Review : Skyharbor – Sunshine Dust

I was introduced to Indian / American prog metal act Skyhabor by picking up Blinding White Noise: Illusion and Chaos and I loved the blatent proggyness of that LP. I got Blinding White Noise in 2016. But that LP was released in 2012. So admittedly, I was behind the curve a little.

Fast forward to 2018, and in-between crowd funding a release, jumping labels, line up changes of an esteemed djent pedigree: Anup Sastry (Intervals, Monuments et al.), Daniel Tompkins (TesseracT) plus re-recording the entire damn thing – Skyharbor present their third release, Sunshine Dust. Four years on from Guiding Lights, we find the band with clear focus. There is very little wasted motion on Sunshine Dust, with the compositions lean and highly melodic. The album strikes a successful balance between punchy and driven choruses, but still retains a sense of proggy wholeness thanks to the skilfully executed atmospheric segues.

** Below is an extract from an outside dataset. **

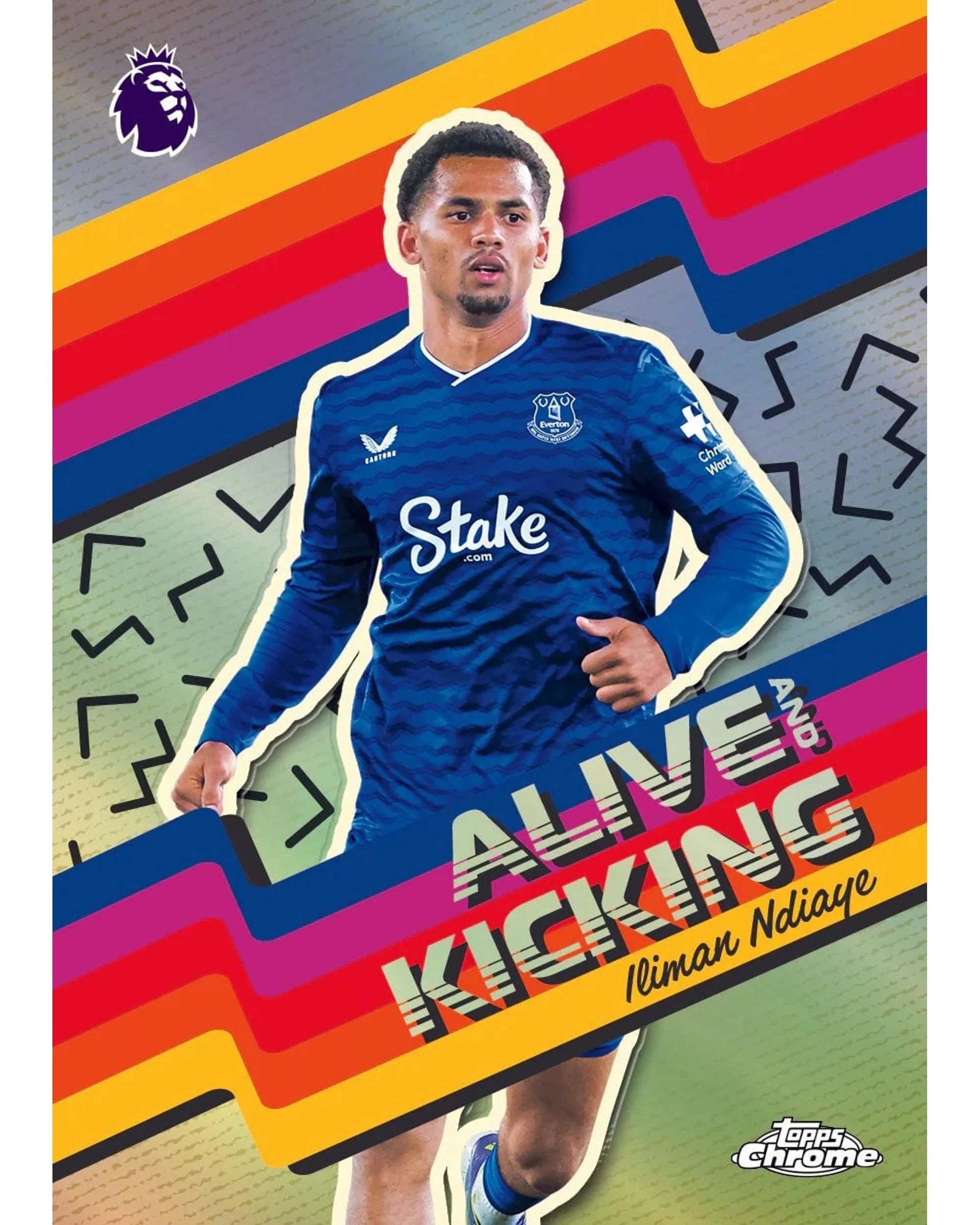 7 Topps 2026 Chrome Premier League Soccer Tin, 7 of 9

Skyharbor mastermind Keshav Dhar is hyped to get this LP out to fans, stating that the band have “really dug in deep to explore and represent what [the band] truly feel is the Skyharbor sound”. Having listened to Guiding Lights, I am inclined to agree. An early version of the record was submitted to eOne, and feeling there was more to be had from the material (and as alluded to earlier) the group re-recorded the entire album with Australian producer, and former collaborator Forrester Savell (Karnivool, Dead Letter Circus).

First single ‘Dim’ and ‘Synthetic Hands’ are early highlights on the album. As well as great examples of Skyhabor’s core sound. The vocals are hooky and soaring and bed on a foundation of modern, clean and washy layers of guitar interspersed with passages of technical detail. The band toggle between wall-of-sound choruses, to clear and defined riffing effortlessly. Listening to the album, you fell the primary objective was the song – the overall arrangements; smooth and stylistic transitions; memorable melodies. Rather than being tech-for-tech sake and inserting a finger-breaking section and / or mind boggling groove just ‘coz.

 

 

It is evident throughout the entire release that the addition of permanent singer Eric Emery and drummer Aditya Ashok has clearly solidified the group, and enabled their focussed approach to songwriting. Krishna Jhaveri’s bass performance should be highlighted as a standout on the album. The bass is not only audible throughout, but takes a decent position in the overall mix – notable in tech metal, because bass too often suffers from over compression and being shouldered out of the mix by guitar work. Jhaveri’s work is emblematic of the rest of the band’s approach; there is no bass shredding or extreme acrobatics to be found. Jhaveri is tasteful and subtle in his playing – adding colour, texture and detail to passages and riffs, but not detracting from the overall feel or direction of the song.

Emotional variety, range and delivery are present in the vocals throughout, which would reasonably draw comparison with Spencer Sotelo of Periphery. For some hardened metalheads the poppy edge of ‘Ugly Heart’ could be off-putting, and garnish the same reaction as the formerly mentioned tech kings. However, the track’s bridge, tasty solo and closing vocals refrains, are undeniably powerful. Emery uses heavier and distorted vocals sparsely, for example on ‘Dissent’ and ‘Blind Side’. But when employed, these harsher vocals are noticeable, and effective, when heard against the predominantly higher-ranged clean vocals used throughout.

The pleasurable feature and maybe greatest strength of Sunshine Dust, is its overall pacing and sense of movement. Skyharbor have swapped out multi-part, long ass song structures (disclaimer: yet, highly enjoyable, and a feature of the genre I love dearly), for compositionally standalone pieces, albeit with sanguine transitions, which combined constitute a sumptuous and accessible whole. Sunshine Dust opens with the caresses of ‘Signal’ which leads into a quick  succession of out-the-gate bangers, to a heavier middle section, with ‘Temptress’ acting as a heavy and more experimental penultimate track, the finally the assured and triumphant album closer – from which the release takes its name. Arguably, Guiding Lights is a halfway house between these two opposing stylistic choices.

Top notch production, melodic sensibility, mature song writing and expert delivery – check. With their fixed line-up and current focus, tech OG Dhar proves that Skyharbor remain a top-tier outfit, and demonstrates that his band is not only on top of their game, but have plenty of fuel left in the tank. A prominent spot at Tech Fest 2019? Maybe? Less than four years for another release? Maybe?  Sunshine Dust is out 7 September via Entertainment eOne / Good Fight Music.